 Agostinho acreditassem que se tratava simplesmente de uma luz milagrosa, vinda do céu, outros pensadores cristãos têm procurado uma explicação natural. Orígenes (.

* * *

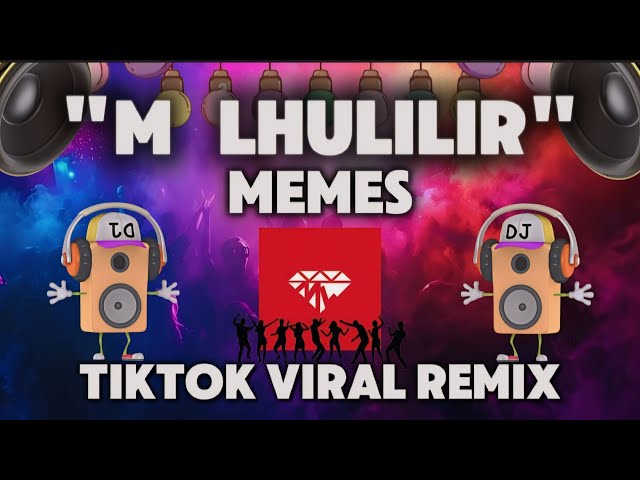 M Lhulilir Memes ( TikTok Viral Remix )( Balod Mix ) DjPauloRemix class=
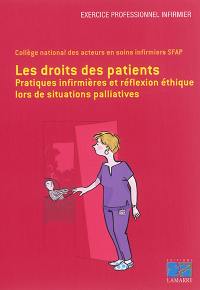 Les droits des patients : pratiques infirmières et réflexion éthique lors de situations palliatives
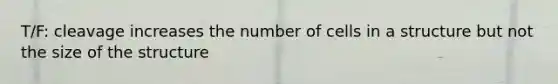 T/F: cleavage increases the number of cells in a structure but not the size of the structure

* * *

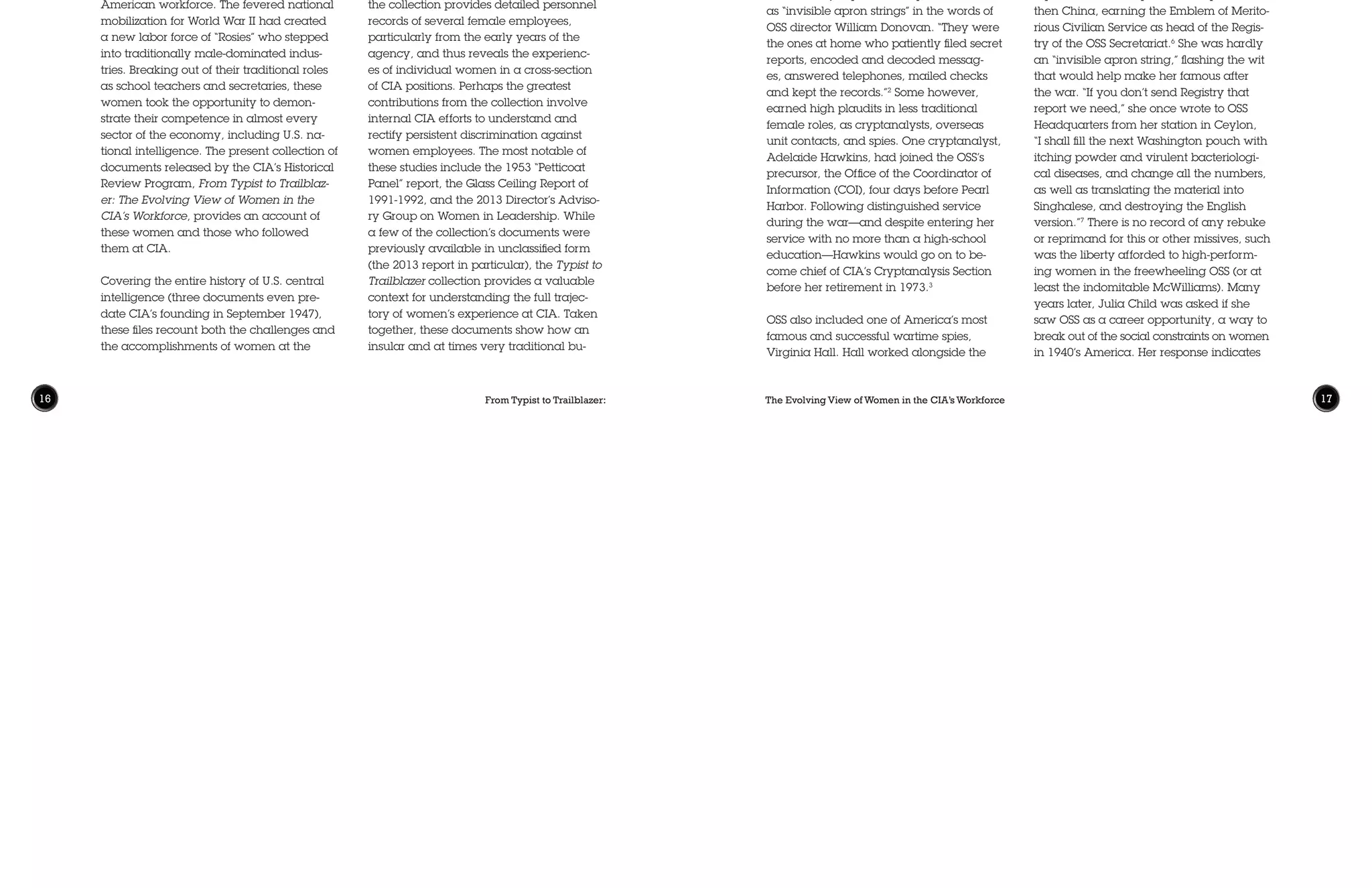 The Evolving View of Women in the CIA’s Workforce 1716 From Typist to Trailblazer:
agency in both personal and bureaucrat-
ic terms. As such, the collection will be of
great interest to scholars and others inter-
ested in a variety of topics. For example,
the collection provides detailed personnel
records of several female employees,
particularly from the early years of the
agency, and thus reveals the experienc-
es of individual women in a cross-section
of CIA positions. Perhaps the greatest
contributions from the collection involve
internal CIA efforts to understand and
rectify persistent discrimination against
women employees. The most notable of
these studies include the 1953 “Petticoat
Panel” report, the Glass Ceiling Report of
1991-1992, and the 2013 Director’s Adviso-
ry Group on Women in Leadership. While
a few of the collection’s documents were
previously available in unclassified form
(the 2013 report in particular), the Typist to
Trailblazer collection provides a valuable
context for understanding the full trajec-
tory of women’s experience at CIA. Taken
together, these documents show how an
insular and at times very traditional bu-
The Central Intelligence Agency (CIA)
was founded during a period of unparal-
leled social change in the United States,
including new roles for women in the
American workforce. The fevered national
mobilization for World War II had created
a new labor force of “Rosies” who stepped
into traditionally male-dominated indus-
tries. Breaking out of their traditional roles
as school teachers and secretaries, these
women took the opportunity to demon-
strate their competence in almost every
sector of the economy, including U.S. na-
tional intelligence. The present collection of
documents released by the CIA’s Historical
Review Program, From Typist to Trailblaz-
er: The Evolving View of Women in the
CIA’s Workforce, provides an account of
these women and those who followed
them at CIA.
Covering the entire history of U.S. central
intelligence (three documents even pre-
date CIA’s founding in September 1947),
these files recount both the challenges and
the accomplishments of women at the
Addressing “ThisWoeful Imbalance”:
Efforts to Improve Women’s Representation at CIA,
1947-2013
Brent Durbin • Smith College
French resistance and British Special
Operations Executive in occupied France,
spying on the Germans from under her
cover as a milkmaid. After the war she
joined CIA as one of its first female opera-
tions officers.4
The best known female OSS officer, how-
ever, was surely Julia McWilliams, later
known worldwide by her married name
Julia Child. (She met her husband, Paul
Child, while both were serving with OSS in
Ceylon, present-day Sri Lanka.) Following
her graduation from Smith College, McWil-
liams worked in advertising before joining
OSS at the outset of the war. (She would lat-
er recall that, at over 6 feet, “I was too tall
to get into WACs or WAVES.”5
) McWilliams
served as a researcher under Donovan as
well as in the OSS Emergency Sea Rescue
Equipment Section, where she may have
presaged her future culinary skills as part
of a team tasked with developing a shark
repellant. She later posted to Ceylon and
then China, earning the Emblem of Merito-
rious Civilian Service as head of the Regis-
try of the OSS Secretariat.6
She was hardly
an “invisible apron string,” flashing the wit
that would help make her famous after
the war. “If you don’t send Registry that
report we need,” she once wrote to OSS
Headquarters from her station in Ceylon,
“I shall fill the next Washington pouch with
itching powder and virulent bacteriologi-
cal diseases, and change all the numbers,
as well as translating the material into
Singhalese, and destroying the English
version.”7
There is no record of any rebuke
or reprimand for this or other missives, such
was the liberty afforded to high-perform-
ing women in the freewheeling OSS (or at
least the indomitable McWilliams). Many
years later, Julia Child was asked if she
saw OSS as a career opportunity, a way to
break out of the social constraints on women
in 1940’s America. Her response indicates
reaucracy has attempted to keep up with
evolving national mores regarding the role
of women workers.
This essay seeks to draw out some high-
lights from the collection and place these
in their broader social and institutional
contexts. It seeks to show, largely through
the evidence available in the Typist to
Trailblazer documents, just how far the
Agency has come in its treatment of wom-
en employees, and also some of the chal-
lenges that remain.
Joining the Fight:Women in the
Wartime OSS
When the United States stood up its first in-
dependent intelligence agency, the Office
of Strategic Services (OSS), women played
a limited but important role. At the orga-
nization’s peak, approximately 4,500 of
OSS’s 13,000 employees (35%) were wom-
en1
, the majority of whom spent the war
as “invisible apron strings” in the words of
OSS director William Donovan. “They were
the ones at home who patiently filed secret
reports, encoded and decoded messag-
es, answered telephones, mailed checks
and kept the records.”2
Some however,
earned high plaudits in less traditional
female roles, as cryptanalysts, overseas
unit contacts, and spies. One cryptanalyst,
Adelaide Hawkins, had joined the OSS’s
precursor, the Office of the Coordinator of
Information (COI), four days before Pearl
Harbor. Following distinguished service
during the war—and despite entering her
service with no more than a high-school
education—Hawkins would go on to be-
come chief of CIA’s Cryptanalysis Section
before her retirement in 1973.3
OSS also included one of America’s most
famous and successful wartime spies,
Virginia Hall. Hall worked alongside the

### Work task
In the listing above, find the line with "cover as a milkmaid. After the war she" and the line with "repellant. She later posted to Ceylon and", then print exactly those two lines and every line between them, and nothing more.

### Answer
cover as a milkmaid. After the war she
joined CIA as one of its first female opera-
tions officers.4
The best known female OSS officer, how-
ever, was surely Julia McWilliams, later
known worldwide by her married name
Julia Child. (She met her husband, Paul
Child, while both were serving with OSS in
Ceylon, present-day Sri Lanka.) Following
her graduation from Smith College, McWil-
liams worked in advertising before joining
OSS at the outset of the war. (She would lat-
er recall that, at over 6 feet, “I was too tall
to get into WACs or WAVES.”5
) McWilliams
served as a researcher under Donovan as
well as in the OSS Emergency Sea Rescue
Equipment Section, where she may have
presaged her future culinary skills as part
of a team tasked with developing a shark
repellant. She later posted to Ceylon and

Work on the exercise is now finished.